→ Directions:
Look through the records and copy each line that has "ceiling" in it.

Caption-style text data
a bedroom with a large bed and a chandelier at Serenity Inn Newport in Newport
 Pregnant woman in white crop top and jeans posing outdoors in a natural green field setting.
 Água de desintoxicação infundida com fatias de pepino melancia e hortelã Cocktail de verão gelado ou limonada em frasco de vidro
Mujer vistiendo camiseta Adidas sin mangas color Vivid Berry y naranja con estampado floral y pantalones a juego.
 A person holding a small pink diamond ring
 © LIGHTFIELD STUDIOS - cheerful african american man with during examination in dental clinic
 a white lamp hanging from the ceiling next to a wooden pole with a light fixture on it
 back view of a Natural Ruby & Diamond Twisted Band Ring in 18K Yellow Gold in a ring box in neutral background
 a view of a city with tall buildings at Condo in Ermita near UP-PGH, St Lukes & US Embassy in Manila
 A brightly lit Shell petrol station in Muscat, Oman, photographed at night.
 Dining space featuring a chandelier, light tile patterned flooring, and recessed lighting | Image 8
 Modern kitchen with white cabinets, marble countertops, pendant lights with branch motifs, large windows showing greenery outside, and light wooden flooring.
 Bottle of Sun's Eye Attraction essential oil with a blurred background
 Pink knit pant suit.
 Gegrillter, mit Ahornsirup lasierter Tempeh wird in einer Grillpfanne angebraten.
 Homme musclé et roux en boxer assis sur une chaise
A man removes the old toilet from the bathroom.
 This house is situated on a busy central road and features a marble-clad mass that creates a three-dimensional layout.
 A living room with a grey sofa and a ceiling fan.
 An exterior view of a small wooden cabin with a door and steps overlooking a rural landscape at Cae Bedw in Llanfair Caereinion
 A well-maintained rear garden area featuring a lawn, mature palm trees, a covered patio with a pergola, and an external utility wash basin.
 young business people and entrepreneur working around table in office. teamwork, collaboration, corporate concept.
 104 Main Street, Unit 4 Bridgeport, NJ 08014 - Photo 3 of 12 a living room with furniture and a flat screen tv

→ Your solution:
 a white lamp hanging from the ceiling next to a wooden pole with a light fixture on it
 A living room with a grey sofa and a ceiling fan.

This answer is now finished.